Ma grand-mère m’a rappelé ce souvenir sur son lit de mort et elle a ajouté : « Promets-moi une chose, que tu vas toujours continuer de parler d’amour. » Ça, pour moi, c’est extrêmement marquant et je trouve que ça résume parfaitement l’apport de ma grand-mère dans ma vie.
On manque de confiance et c’est pourquoi on pense qu’il faut tout contrôler. Mais au fond, on se prend pour Dieu quand on fait ça. Alors que si on se place davantage dans l’amour, tout d’un coup tout se place, le meilleur arrive, même si ce n’est pas nécessairement le meilleur tel qu’on l’avait imaginé.
Aujourd’hui, avec le métier que je fais, que j’enseigne la psychologie positive ou que j’écrive des livres, j’ai l’impression que je parle tout le temps d’amour. Mon intention profonde, c’est de semer plus d’amour en ce monde. Que les gens parviennent à se sentir profondément aimés. Qu’ils soient amour dans toutes les facettes de leur vie.
Il y a une phrase de saint François de Sales qui me suit tout le temps : « Rien par force, tout par amour. » Ça revient encore et toujours à l’amour ! Mais combien de fois force-t-on ? On manque de confiance et c’est pourquoi on pense qu’il faut tout contrôler. Mais au fond, on se prend pour Dieu quand on fait ça. Alors que si on se place davantage dans l’amour, tout d’un coup tout se place, le meilleur arrive, même si ce n’est pas nécessairement le meilleur tel qu’on l’avait imaginé.
Qu’est-ce qui selon toi pourrait le plus changer positivement notre monde ?

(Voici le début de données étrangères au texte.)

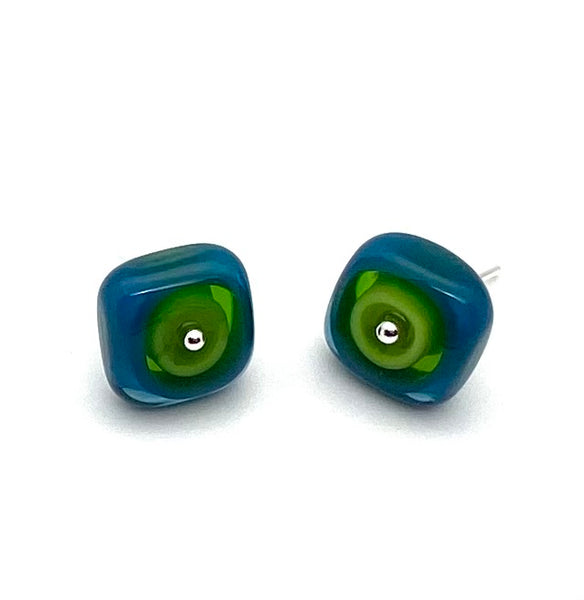 Large Square Stud Earrings in Chartreuse and Navy Glass and Sterling Silver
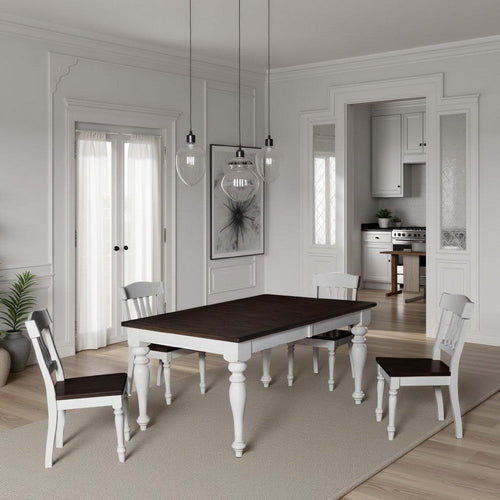 Barb Dining Table, White, Brown Mindi, Mahogany, Extendable 60-84"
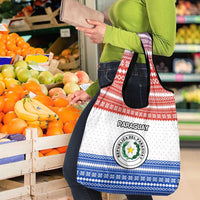 Paraguay Christmas Grocery Bag with Red-White-Blue Design, National Seal, and Santa Motif - Wonder Print Shop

Un ami prêtre m’a dit un jour : « Imaginez un monde où les êtres humains se sentiraient profondément aimés. Comment mèneraient-ils leurs vies ? » Ça change tout, parce que souvent on sait bien que les êtres humains qui n’agissent pas de la bonne façon, qui sont méchants ou blessants, ils sont ainsi parce qu’ils sont eux-mêmes blessés à l’intérieur. Et la plus grande blessure, c’est l’impression de ne pas être aimé, de ne pas être vu, de ne pas être apprécié. Je pense qu’il y a tout un travail à faire dans notre société par rapport à ça. C’est une question extrêmement importante qui peut vraiment tout changer.
Bref, je suis convaincue que plus il y aura de personnes qui auront la foi, mieux notre monde va se porter. Que ce soient la foi chrétienne ou d’autres, mais que ce soit lié à l’amour. La racine, c’est l’amour. Comment puis-je être davantage dans l’amour ?

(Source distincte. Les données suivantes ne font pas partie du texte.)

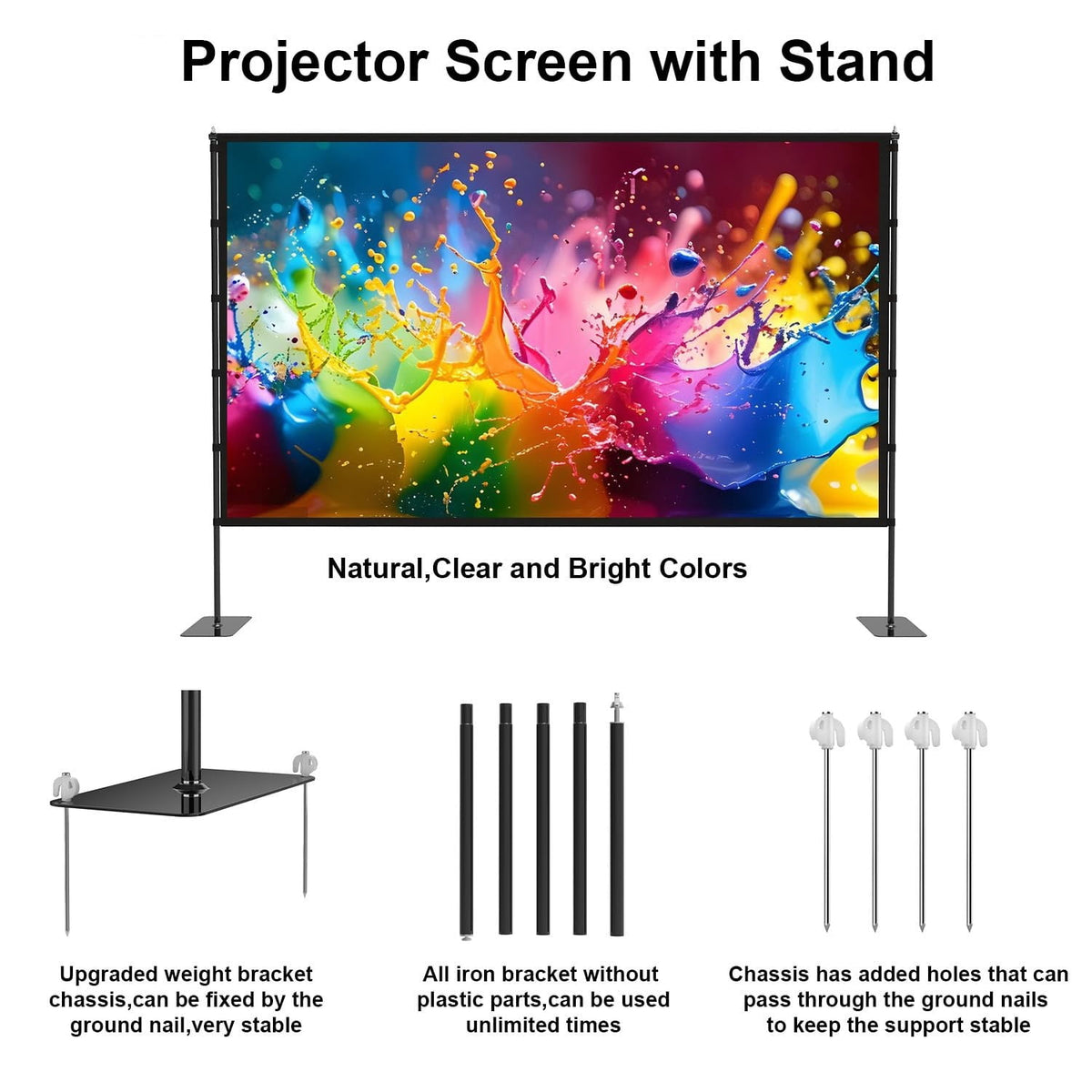 Projector Screen with Stand - 100 Inch Outdoor Projector Screen Portable Projector Screens 16:9 4K HD Outdoor Movie Screen with Carry Bag Can Enjoy Home Theater Projection Screen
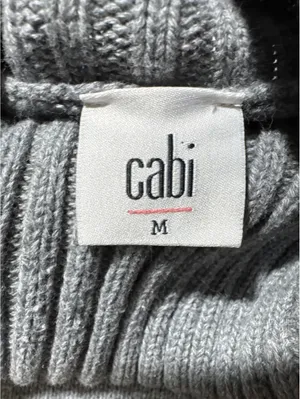 cabi Medium Gray Turtleneck Sweater with Funky Purple Leafy thumbnail 2
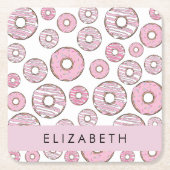 Patroon van donuts, roze donuts, ijs, Jouw naam Kartonnen Onderzetters (Voorkant)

J’ai écrit un livre qui s’intitule Le Miracle et le sous-titre est Que ferait l’amour ? C’est une sœur du collège Jésus-Marie où j’ai passé mon adolescence qui nous posait souvent cette question quand on se chicanait. Je trouvais ça ridicule à 14 ans, car je ne comprenais pas le sens profond de la question. Mais aujourd’hui, j’ai tout le temps ça en tête. Si je suis face à quelqu’un qui est méchant ou impatient et que je suis tentée de répondre sur le même ton, alors je me pose cette question : « Que ferait l’amour ? » Si je peux agir dans l’amour, ça change tout.